UBL TC Charter
The following charter for the OASIS Universal Business Language
Technical Committee is taken from the proposal to create the TC submitted to
OASIS 28 August 2001.
Aims
The aims of the UBL Technical Committee are as follows:
- To avert a crisis in electronic business caused by competing XML
business-to-business document standards by choosing as a starting point an
existing XML business document library as the basis for creating a new
"Universal Business Language" that will be a synthesis of existing XML business
document libraries.
- To begin with xCBL 3.0 as the starting point and to develop the
standard UBL library by mutually agreed-upon changes to xCBL 3.0 based on
industry experience with other XML business libraries and with similar
technologies such as Electronic Data Interchange.

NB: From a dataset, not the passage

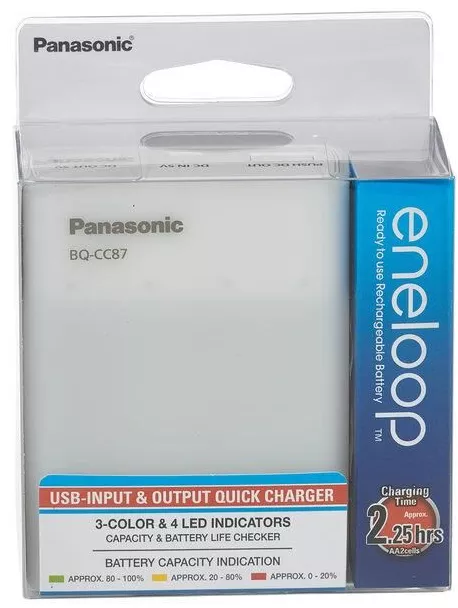 Зарядний пристрій Panasonic BQ-CC87USB +4AA 2000 mAh - фото 5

- To develop UBL in light of standards/specifications issued by
UN/CEFACT, ISO, IEC, ITU, W3C, IETF, OASIS, and such other standards bodies and
organizations as the UBL TC may deem relevant.
- To harmonize UBL as far as practical with the ebXML specifications
approved in Vienna (May 2001), with the work of the Joint Core Components
initiative (a joint project of ANSI ASC X12 and the UN/EDIFACT Working Group),
and with the work of other appropriate business information bodies.

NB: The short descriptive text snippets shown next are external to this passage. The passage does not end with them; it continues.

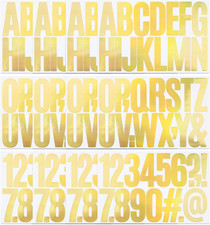 12 Sheets Letter Number Stickers, 3 Inch Vinyl Alphabet Sticker, Self-Adhesive P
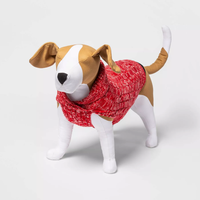 WONDERSHOP Marled Red Holiday Dog and Cat Sweater in Red, Small
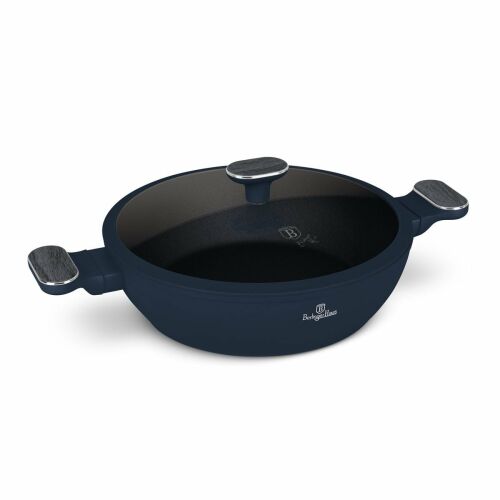 28 cm-es fedős lábas Berlinger Haus BH 8375, tapadásmentes, Deep Sea
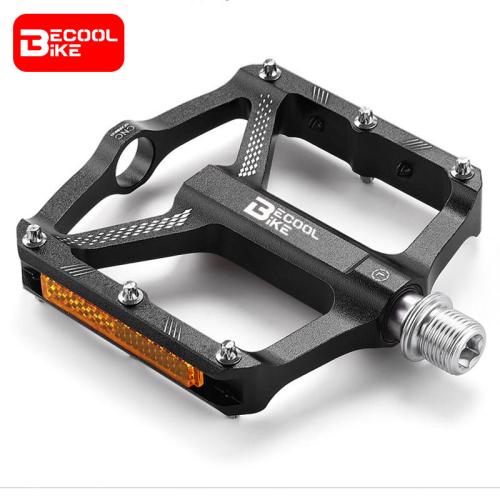 Bicycle 3 Bearings Pedals 5 Colors Aluminum Alloy Ultralight MTB Pedals Safety Reflective Road Bike Flat Pedals BC-PD520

- To vest ownership of UBL in OASIS, a nonprofit corporation dedicated
to the adoption of structured information standards, and to make it freely
available to everyone without licensing or other fees.

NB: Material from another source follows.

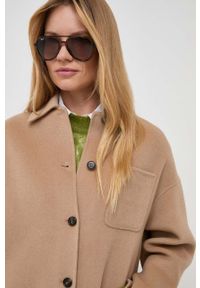 MAX&Co. kurtka koszulowa kolor brązowy przejściowa oversize. Kolor: brązowy #2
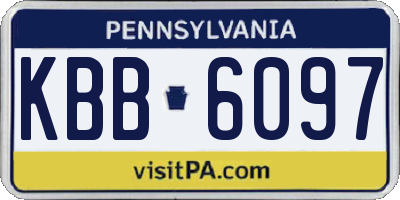 PA license plate KBB6097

- Ultimately, to promote UBL to the status of an international standard
for the conduct of XML-based electronic business.
Deliverables
The primary deliverable of the UBL TC is a coordinated set of XML
grammatical components that will allow trading partners to unambiguously
identify the business documents to be exchanged in a particular business
context.
As currently envisioned, the UBL work will take place in two phases:
- A first phase to align the vocabulary and structures of UBL with the
work of the Joint Core Components initiative and with the vocabulary and
structures of other already existing business libraries such as RosettaNet and
OAGIS.
- A second phase to implement a mechanism for the generation of
context-specific schemas for basic business documents and their components
through the application of transformation rules to a common XML source
library.
If the work actually does take place in this form, then it is estimated
that the first phase will take roughly a year to complete and that the second
phase will take roughly another year. If the two phases can be combined or run
in parallel, then it is estimated that delivery of an initial set of
specifications will take one to two years.